INFORMATION SHOWN —
────────────────────────────────────────

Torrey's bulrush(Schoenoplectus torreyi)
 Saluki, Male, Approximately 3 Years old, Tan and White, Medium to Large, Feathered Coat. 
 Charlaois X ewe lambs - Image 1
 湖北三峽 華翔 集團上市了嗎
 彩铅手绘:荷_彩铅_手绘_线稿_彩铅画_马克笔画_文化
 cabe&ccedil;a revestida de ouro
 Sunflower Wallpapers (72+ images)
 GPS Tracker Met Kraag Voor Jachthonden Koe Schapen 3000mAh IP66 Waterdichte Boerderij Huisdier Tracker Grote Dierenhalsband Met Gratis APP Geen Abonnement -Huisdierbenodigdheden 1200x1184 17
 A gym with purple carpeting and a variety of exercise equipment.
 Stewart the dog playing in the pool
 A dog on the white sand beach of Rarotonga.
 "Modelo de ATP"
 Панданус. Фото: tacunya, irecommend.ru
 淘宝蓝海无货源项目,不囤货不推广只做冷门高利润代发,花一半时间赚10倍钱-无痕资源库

────────────────────────────────────────

EXERCISE INSTRUCTIONS — Set the lines down exactly as they stand, beginning at the one that contains "Панданус. Фото: tacunya, irecommend.ru" and stopping after the last line of the entries above.

SOLUTION FOR THIS PROBLEM —
 Панданус. Фото: tacunya, irecommend.ru
 淘宝蓝海无货源项目,不囤货不推广只做冷门高利润代发,花一半时间赚10倍钱-无痕资源库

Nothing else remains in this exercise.